- Opening Delimiter -
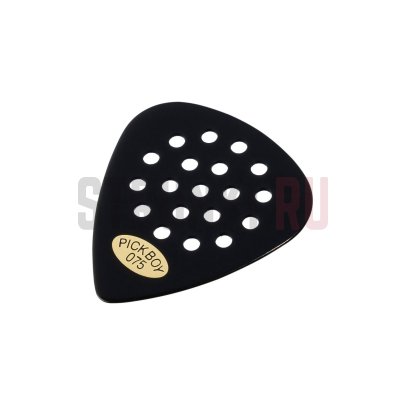 Набор медиаторов Pickboy GP-44BL/075 Celluloid Pos-A-Grip, 0.75 мм, упаковка 50 шт.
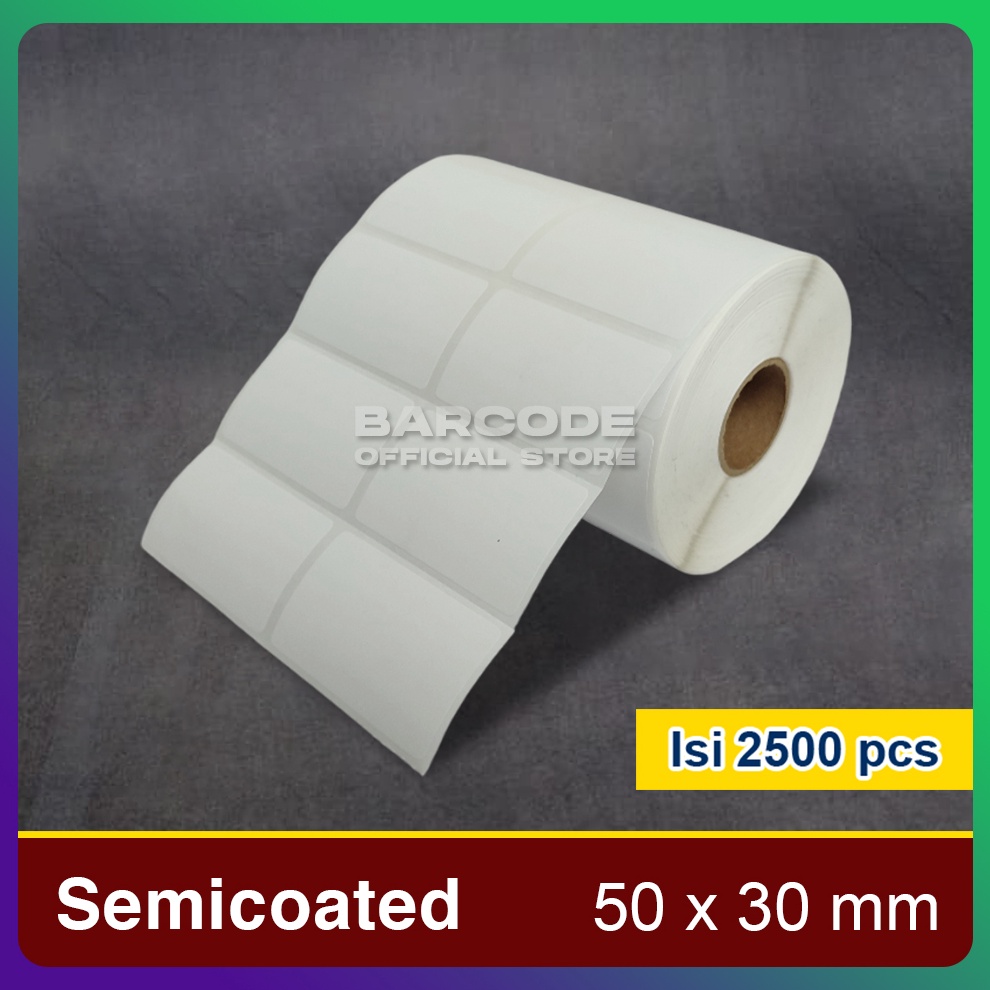 

KODE D14E Label Barde 5 X 3 2 Line Kertas Sticker Semiated 5X3 MM
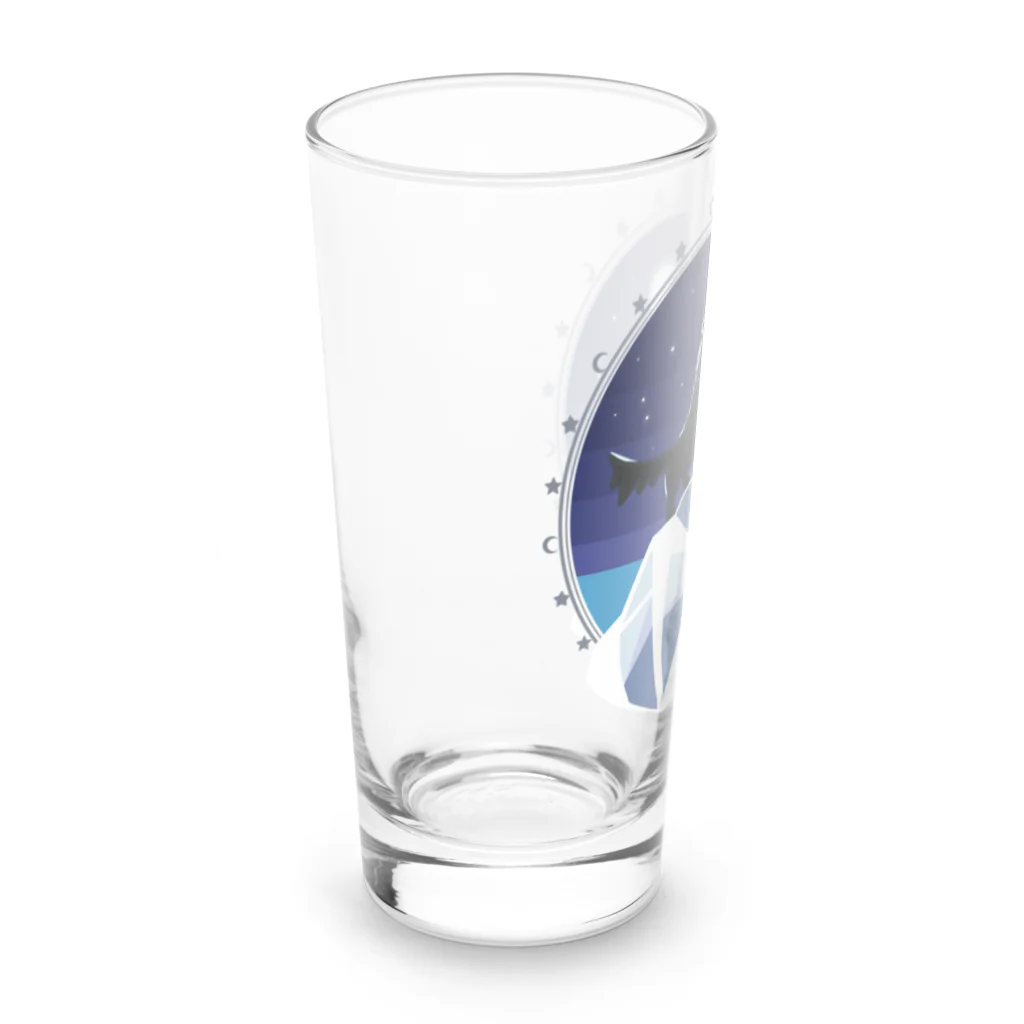 Kotetsu diary(SUZURI店)のフラットコーテッドレトリバー×クール Long Sized Water Glass :left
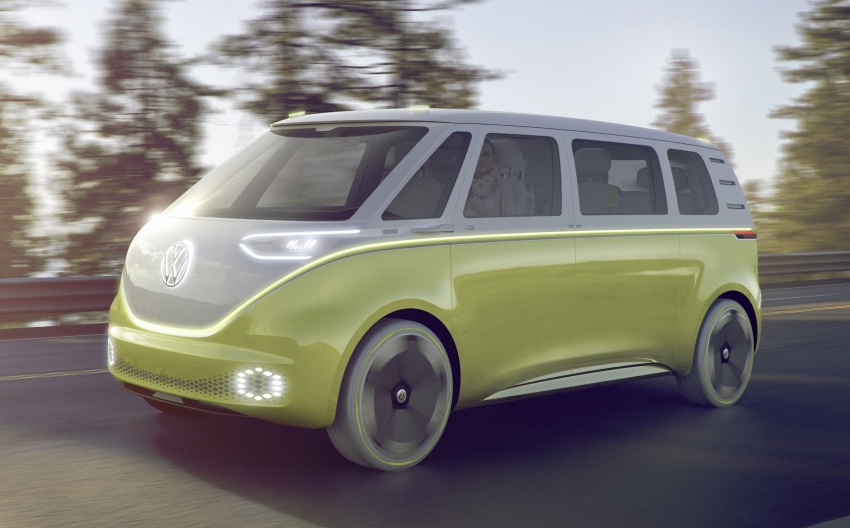 Volkswagen I.D Buzz Concept – jelmaan semula ‘Kombi Van’ dengan janakuasa elektrik sepenuhnya 600567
- Closing Delimiter -
The problem → Write out the material above precisely, leaving each picture behind.

Worked solution →
 Набор медиаторов Pickboy GP-44BL/075 Celluloid Pos-A-Grip, 0.75 мм, упаковка 50 шт.

KODE D14E Label Barde 5 X 3 2 Line Kertas Sticker Semiated 5X3 MM
 Kotetsu diary(SUZURI店)のフラットコーテッドレトリバー×クール Long Sized Water Glass :left
 Volkswagen I.D Buzz Concept – jelmaan semula ‘Kombi Van’ dengan janakuasa elektrik sepenuhnya 600567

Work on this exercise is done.